Instructions
Performance
Implementation Details
Screenshots
Run directly using jar:
- Git clone the repository.
- mvn clean install - to generate target resources.
- run using : java -jar target/Follow-The-White-Rabbit-0.0.1-SNAPSHOT.jar.
- enter the required inputs Eg . difficulty level , min word length , max words per anangram.
Run the Docker file:
Docker Image is attached , use the following commands to build and run image
docker build -t {dockerimagename}
docker run -i -t {dockerimagename}
Easy Key - 1 second , Difficult key - 38 seconds , Hard Key - about 9 minutes ( screenshots attached below )
Solution can be divided in 3 parts / 3 levels of optimization.

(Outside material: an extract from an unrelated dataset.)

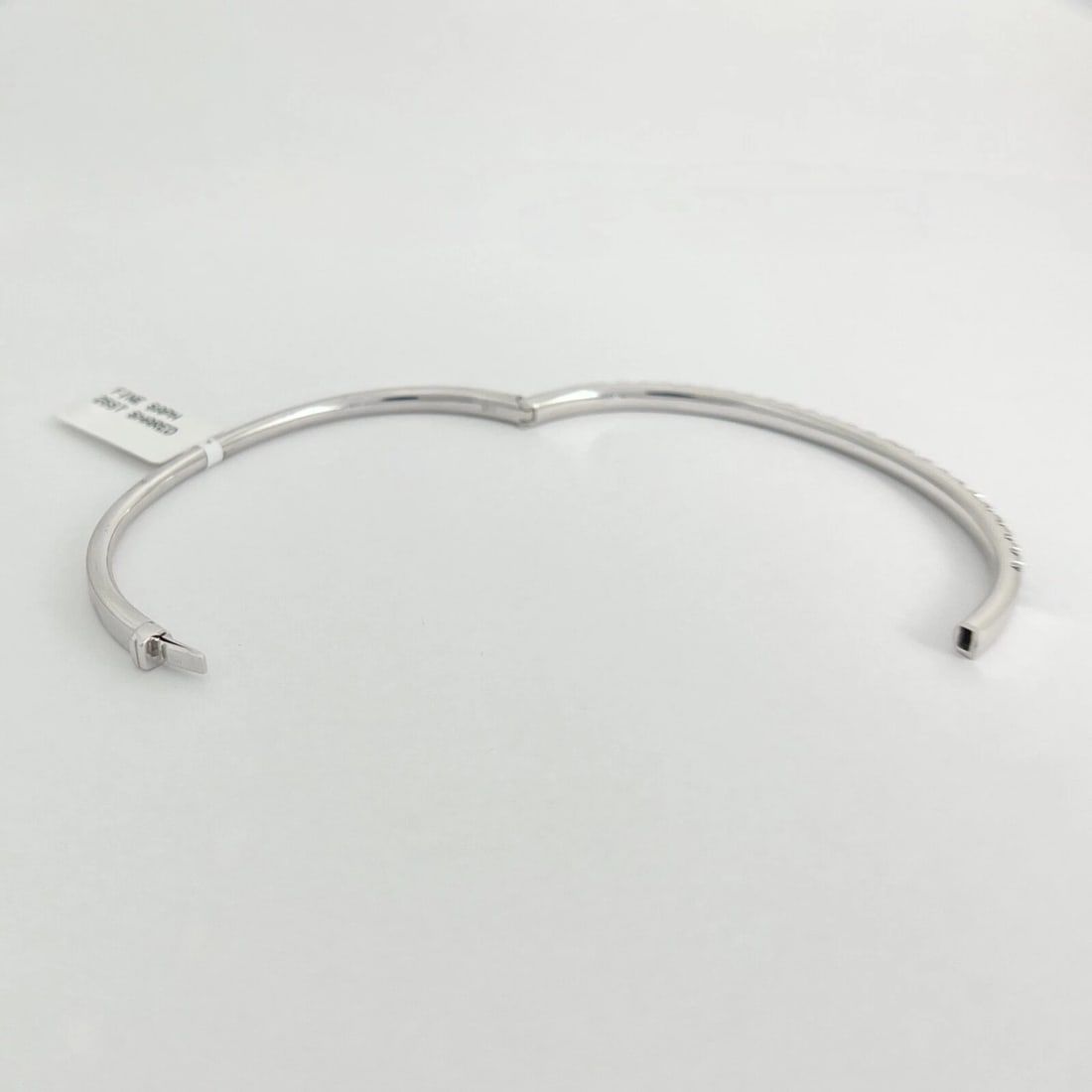 Blue Sapphire Gemstone Bangle Bracelet 14K White Gold, 2.20 CTW - 7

- Building a Minified Dictionary ( optimizing by discarding all the impossible words )
-
At this level , I've assumed that the following words are useless
- words whose length > length of the given phrase
- words whose length > min_word_length entered by the user
- words which contain characters other than those present in the given phrase
- words which contain characters that occur more than the number of times they've occurred in given phrase
-
with the above assumption we can easily narrow down to a few thousands of words.
For example if min_word_length is 5 , we can narrow down to about 998 words vs 99175 words. -
I've used Trie ( with hashmap ) to implement my dictionary. Ideally I would use DAWG ( directed acyclic word graphs ) if space is a concern because DAWGs reduce the number of nodes. Since we are aiming for lookup performance , I stuck to a trie , as it is easy to implement )
- Creating a service that generates possible anagrams using the Minified Dictionary ( optimizing by using the dictionary to generate phrases )
- At this level , instead of blindly going through all permutations using the letters of the phrase , we just use the minified dictionary to generate possible phrases.
- This approach improves the performance drastically
For example if min_word_length is 5 (998 words) and number of anangrams per phrase = 3 , we generate atmost 998 * 997 * 996 phrases vs 16! ( 16 is the no of letters in 'poultry outwits ants')
- Parallel processing using one thread for each letter in the phrase.
- The key is to return from all other threads if any one of them is successful at finding the key.
- Performance again depends on host machine's specifications. Mine was 4-core , 4GB RAM and it took about 9 minutes to find the hard key.